> Records to use:
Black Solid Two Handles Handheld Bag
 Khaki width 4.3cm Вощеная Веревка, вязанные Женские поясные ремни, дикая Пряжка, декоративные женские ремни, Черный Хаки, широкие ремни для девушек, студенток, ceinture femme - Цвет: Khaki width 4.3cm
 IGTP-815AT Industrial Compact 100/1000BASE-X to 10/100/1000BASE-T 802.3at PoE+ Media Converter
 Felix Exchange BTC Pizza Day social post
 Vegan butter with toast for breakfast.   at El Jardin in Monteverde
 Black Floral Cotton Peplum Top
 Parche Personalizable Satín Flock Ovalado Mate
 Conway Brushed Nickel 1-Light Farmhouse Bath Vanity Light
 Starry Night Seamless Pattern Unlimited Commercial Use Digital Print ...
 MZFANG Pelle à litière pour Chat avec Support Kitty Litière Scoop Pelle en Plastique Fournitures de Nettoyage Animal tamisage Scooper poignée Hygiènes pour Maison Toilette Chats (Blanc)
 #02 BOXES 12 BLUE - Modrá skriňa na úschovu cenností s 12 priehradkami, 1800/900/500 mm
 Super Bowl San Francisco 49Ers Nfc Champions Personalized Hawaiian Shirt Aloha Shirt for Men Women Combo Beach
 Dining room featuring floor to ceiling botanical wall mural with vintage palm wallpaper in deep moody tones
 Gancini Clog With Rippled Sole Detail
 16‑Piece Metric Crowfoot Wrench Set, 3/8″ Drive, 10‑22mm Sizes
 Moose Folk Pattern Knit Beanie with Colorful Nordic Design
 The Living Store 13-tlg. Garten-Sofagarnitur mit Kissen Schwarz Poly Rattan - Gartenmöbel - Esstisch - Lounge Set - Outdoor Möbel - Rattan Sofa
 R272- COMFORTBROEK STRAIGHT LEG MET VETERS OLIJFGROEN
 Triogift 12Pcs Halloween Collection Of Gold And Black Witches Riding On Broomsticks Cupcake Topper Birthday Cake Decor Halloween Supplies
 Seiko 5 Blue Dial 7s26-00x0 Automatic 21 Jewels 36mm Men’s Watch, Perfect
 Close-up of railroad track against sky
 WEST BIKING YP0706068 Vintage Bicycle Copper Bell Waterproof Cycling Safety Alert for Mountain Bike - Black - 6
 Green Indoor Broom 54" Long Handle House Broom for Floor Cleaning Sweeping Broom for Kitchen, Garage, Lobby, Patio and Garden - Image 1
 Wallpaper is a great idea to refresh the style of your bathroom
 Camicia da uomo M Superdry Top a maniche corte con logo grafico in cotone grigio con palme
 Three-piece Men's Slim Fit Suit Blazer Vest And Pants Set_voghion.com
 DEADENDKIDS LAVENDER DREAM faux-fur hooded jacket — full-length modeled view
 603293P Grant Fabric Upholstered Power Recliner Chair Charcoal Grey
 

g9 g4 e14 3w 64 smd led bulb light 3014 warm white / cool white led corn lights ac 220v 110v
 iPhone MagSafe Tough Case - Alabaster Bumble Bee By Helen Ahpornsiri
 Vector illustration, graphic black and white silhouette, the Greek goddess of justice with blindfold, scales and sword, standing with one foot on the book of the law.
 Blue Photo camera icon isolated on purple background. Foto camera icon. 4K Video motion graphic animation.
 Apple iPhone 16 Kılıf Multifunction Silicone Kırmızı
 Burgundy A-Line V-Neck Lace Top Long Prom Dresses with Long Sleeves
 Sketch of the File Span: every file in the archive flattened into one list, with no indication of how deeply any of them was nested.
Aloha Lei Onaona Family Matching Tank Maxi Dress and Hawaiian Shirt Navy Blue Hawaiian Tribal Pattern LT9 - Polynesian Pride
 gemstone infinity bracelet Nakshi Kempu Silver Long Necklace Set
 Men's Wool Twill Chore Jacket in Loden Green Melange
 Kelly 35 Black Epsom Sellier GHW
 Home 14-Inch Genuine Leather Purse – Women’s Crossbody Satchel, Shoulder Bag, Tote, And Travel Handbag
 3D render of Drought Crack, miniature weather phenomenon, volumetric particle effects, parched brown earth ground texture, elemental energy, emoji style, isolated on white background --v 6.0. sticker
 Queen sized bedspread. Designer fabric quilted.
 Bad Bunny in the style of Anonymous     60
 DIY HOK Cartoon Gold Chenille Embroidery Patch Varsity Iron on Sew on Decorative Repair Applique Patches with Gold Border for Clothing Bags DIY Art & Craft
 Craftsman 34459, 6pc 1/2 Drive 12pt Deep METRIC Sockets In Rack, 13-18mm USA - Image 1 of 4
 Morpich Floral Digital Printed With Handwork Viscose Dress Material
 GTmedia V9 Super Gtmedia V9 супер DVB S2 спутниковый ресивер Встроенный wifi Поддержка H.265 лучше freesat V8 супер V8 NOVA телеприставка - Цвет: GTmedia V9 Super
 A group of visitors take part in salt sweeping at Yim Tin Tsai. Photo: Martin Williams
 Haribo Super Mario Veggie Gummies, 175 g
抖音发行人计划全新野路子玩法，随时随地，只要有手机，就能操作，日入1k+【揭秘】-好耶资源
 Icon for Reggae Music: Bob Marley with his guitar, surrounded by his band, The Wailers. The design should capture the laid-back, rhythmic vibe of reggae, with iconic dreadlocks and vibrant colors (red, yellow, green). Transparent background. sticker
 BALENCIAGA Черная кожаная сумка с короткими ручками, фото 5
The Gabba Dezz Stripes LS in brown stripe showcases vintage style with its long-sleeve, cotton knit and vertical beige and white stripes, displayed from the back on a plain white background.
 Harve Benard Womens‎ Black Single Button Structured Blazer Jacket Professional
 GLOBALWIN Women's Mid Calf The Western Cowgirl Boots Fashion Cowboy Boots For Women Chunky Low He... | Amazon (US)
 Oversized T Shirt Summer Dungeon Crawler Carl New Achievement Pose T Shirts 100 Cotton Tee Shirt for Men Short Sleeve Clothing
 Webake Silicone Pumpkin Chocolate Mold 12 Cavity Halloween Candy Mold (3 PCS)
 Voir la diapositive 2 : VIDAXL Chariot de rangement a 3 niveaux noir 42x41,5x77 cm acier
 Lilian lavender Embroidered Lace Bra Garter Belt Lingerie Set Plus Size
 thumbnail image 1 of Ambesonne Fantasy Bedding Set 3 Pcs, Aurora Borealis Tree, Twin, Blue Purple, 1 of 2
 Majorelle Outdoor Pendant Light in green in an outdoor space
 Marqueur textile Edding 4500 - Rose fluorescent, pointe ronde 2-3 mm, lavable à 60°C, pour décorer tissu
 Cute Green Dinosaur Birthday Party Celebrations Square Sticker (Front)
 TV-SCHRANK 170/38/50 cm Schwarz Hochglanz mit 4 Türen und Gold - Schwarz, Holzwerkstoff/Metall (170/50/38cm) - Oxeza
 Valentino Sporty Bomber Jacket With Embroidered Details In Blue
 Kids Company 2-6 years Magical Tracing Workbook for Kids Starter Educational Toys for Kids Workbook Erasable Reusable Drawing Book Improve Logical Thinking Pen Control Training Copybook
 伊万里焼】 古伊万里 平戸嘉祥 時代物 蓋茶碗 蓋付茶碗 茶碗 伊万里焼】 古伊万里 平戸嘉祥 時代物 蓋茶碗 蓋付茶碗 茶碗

> Problem to work on: Transcribe each line of the data above, unaltered, from the one where "Haribo Super Mario Veggie Gummies, 175 g" appears to the one where "Lilian lavender Embroidered" appears, inclusive of both.

> Task result:
 Haribo Super Mario Veggie Gummies, 175 g
抖音发行人计划全新野路子玩法，随时随地，只要有手机，就能操作，日入1k+【揭秘】-好耶资源
 Icon for Reggae Music: Bob Marley with his guitar, surrounded by his band, The Wailers. The design should capture the laid-back, rhythmic vibe of reggae, with iconic dreadlocks and vibrant colors (red, yellow, green). Transparent background. sticker
 BALENCIAGA Черная кожаная сумка с короткими ручками, фото 5
The Gabba Dezz Stripes LS in brown stripe showcases vintage style with its long-sleeve, cotton knit and vertical beige and white stripes, displayed from the back on a plain white background.
 Harve Benard Womens‎ Black Single Button Structured Blazer Jacket Professional
 GLOBALWIN Women's Mid Calf The Western Cowgirl Boots Fashion Cowboy Boots For Women Chunky Low He... | Amazon (US)
 Oversized T Shirt Summer Dungeon Crawler Carl New Achievement Pose T Shirts 100 Cotton Tee Shirt for Men Short Sleeve Clothing
 Webake Silicone Pumpkin Chocolate Mold 12 Cavity Halloween Candy Mold (3 PCS)
 Voir la diapositive 2 : VIDAXL Chariot de rangement a 3 niveaux noir 42x41,5x77 cm acier
 Lilian lavender Embroidered Lace Bra Garter Belt Lingerie Set Plus Size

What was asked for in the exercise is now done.